The process leading many Thais to a belief in God is basically the same process that leads other Thais to a belief in other spiritual beings. The point of seeing or experiencing the power is the "conversion" point or the time at which they become "convinced." The usual expression given by Thais for their "conversion" is rap cheua (receive belief, or be convinced). Viggo Brun in his study of "conversion" to belief in certain spirits (as opposed to believing merely from tradition) records the following standard answer about why a person came to believe:
Well, in the beginning I was indifferent. I wasn’t interested. I was actually rather skeptical. But then I experienced something or made a test that really impressed me, so finally I had to admit that the holy things really exist and that they are genuine, therefore I now firmly believe in holy things.6
Apart from the plurality of the "holy things," this could very easily be a Thai Christian giving testimony of how he or she came to believe in God.
Many Thai Christians believe that God will give blessings to all who come to him in prayer and believe in his power and beneficence. God is not usually explicitly compared with the spirits by the Thai Christians. The comparisons are implicit in the way in which they relate to him, the sort of expectations they have of him, and the kinds of occasions on which they turn to him for help.7
Many see God as a power similar in kind, but greater in extent and beneficence, than that of spirits. Eric Cohen comments, "The perception of Christianity in terms of power…turns Christianity into magic, more powerful than that of local magicians, but of the same character."8
If the Thai’s Christian faith, therefore, centers on power, then the distinctive fundamentals of Christian belief (in particular the cross) will remain blurred.
God is "a-moral" power. A fundamental problem arises when God is viewed in terms of the traditional Thai understanding of a spirit, even when he is understood as a greater, or even the greatest, spirit. Although Thai people have a category for malevolent spirits, their contact with benevolent spirits (e.g. for assistance) is separate from any moral considerations. Anyone who approaches the spirit in the correct way may expect to receive the favor desired. This entails correct ritual (e.g. posture) and correct offering of those things known to be pleasing to the spirit (such as gold-plated leaf, food, etc.). No consideration is given to the fact that the one making the request may be a thief or a murderer and that the favor requested may be to further enhance his or her crime. It is the transaction of power that counts. James Gustafson’s study of animism and belief in supernatural powers at Bang Chan records, "The supplicant is punished only when he overlooks the supernatural being itself, not because he has overlooked some moral precept".9 The Thai mind is thus dichotomized into Buddhist merit making, which is involved with morality and good deeds, and animist involvement with a supernatural being, with its reception of power and favors.
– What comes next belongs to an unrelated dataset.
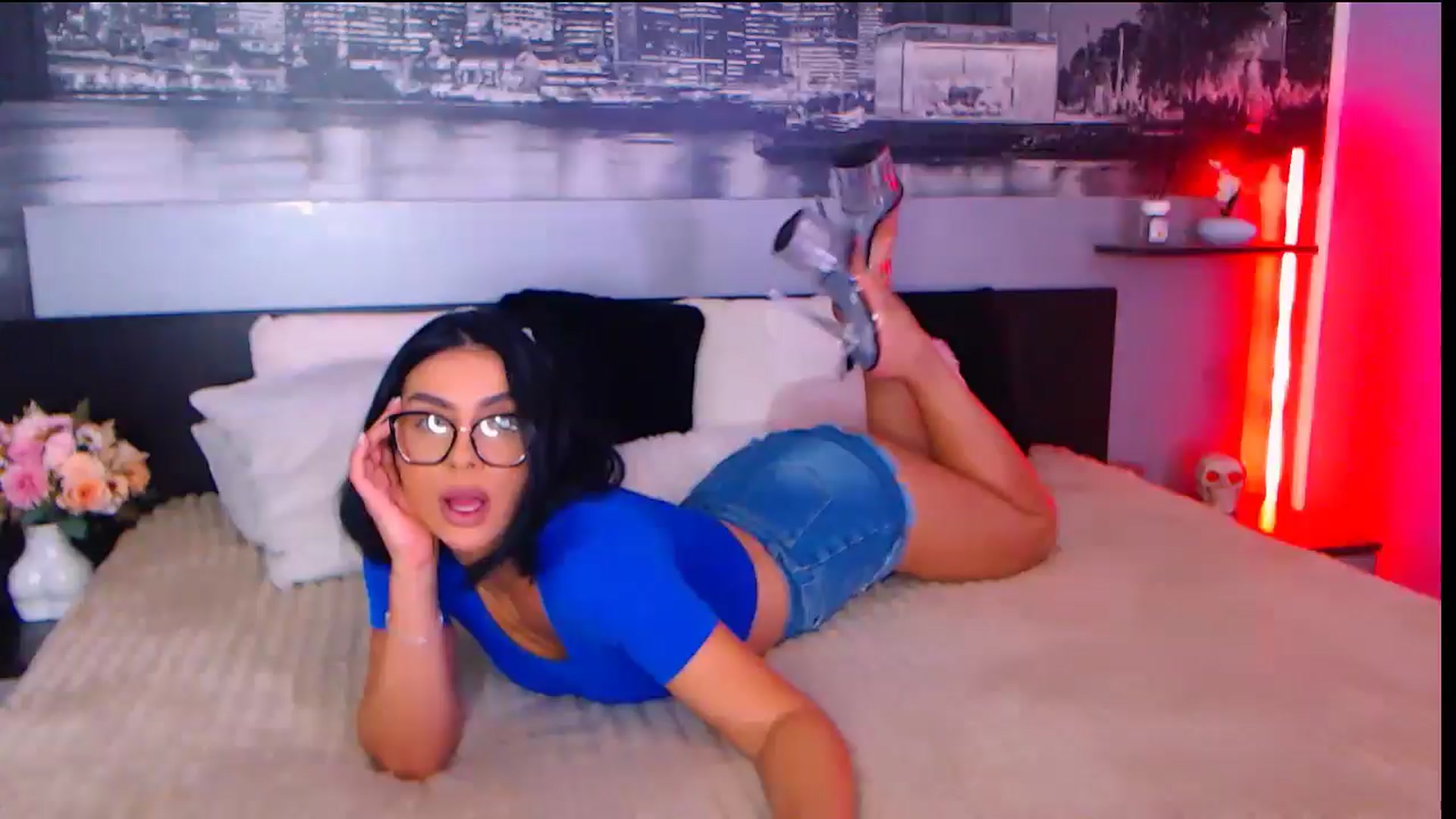 Gallery image thumbnail from AmaliaA's myfreecams stream on, 08/24/2025, 11:56 image 16 of 20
Correct Christian thinking, however, must keep these two parts together. God is both powerful and moral. God is holy, and those who come to him must be holy. This may seem strange to Thais, who tend naturally to look to God for help without consideration of their own moral standing before him, and seek to develop their moral standing as their own affair without necessarily involving God in it.
Power and holiness are, therefore, quite separate in the mind of the Thai. It follows that the Thai Christian does not necessarily understand God as essentially holy in the moral sense. When the Christian sins, for example, it may not automatically be understood as being offensive and sinful toward God. Ritual is also very important. Ritual or religious activity (for instance, Bible reading, regular church attendance, fasting, fervent praying, and other forms of "serving God") may be seen as important, if not more important, than purity of life.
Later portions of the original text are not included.